Toronto is one of my favourite cities in the whole world. The natural diversity that I get to see when I walk down the streets of Toronto is truly reflected in the movie. No character of colour is just used as a joke or used as just a show-and-tell kind of display.
It’s that magic of the city that doesn’t get much of the spotlight and truly deserves way more than it gets.
How important is the portrayal of female friendship in the film?
I love that, nowadays, film and TV are shifting in the direction of showing positive female relationships rather than just pitting women against women and having them bicker about a guy.
I think it’s very, very important in how it shapes generations to come and their minds, but also to have us all appreciate the friendship that is between girls.
What are your favourite Toronto/Canada easter eggs in the movie?
One of my favourite moments in the movie is when a blue jay just comes by and just sits in the front of the frame. I’m like, “Ah-haha. All right, I see what you did there!”
Or like one character’s wearing a purple basketball jersey. Like, if it was set now, it would be red and black, wouldn’t it?
What early 2000s Toronto landmarks, restaurants, or hangouts that might not exist anymore do you miss most?
Sushi Sky… I miss Sushi Sky so much. I believe it was near Dundas Square. My parents would take my brother and me there all the time, and we’d both get the same tempura bento box.
When you were a teenager, where would you go to get away from things in Toronto?
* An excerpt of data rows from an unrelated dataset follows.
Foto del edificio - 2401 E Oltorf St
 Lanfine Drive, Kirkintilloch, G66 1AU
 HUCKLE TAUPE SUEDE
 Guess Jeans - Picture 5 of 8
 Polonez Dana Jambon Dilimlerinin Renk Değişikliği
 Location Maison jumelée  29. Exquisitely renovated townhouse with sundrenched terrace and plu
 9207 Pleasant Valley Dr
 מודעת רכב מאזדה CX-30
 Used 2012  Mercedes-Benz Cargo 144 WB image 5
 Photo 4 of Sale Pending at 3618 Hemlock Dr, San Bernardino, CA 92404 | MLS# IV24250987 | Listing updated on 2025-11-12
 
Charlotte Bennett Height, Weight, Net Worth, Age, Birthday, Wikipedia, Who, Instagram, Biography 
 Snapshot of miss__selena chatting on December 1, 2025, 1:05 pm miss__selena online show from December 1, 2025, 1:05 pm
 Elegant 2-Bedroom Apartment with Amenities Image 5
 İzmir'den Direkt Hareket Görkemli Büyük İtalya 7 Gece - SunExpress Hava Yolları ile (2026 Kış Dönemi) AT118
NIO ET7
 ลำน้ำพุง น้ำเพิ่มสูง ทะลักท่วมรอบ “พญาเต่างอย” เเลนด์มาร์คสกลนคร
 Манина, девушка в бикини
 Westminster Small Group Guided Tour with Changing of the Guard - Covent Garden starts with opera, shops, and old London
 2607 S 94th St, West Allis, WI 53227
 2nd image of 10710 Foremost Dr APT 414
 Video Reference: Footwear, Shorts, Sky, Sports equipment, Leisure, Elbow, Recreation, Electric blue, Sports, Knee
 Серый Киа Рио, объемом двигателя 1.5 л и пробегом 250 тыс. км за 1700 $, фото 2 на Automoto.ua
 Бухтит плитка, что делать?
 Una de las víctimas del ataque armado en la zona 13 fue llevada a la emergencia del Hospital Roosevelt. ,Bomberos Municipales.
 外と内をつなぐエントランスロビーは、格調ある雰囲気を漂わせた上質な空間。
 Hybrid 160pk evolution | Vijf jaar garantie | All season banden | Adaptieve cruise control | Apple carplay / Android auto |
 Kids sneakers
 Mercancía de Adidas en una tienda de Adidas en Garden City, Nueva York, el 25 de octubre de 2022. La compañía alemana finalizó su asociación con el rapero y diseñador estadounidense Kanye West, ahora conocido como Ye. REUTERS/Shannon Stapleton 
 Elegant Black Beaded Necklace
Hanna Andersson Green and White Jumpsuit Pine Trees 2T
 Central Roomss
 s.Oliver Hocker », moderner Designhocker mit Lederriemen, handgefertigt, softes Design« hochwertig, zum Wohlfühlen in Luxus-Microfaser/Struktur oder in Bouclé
Being a Mississauga gal, there are not many places you can go to if you don’t know how to drive. So, the park across the street is a good place. But that requires you to walk, and I am lazy — my bedroom’s cool.
Honestly, Square One, but yet again, you’re going have to drive, and my child self couldn’t drive to Square One.
What are your favourite restaurants in Toronto?
Fushimi Sushi is really good if you’re going back on the sushi vibes. There’s a ramen place called Oji Seichi, which is really nice.
Ruru Baked ice cream — that’s not a restaurant, but their ice cream is great. It’s like all the different unique flavours. I like the buttered popcorn one. If you go on Halloween and you dress up in costume, they’ll give you a free small scoop. I did that last year.
What Canadian icon/experience would trigger you to turn into a red panda?
If I saw Marianas Trench again and they played like their old songs, like the ones that made my middle school experience all that it was, maybe I’d panda out. Maybe I’d get a little too excited.
This interview has been edited and condensed for clarity. It was conducted a day before the film’s premiere in Toronto.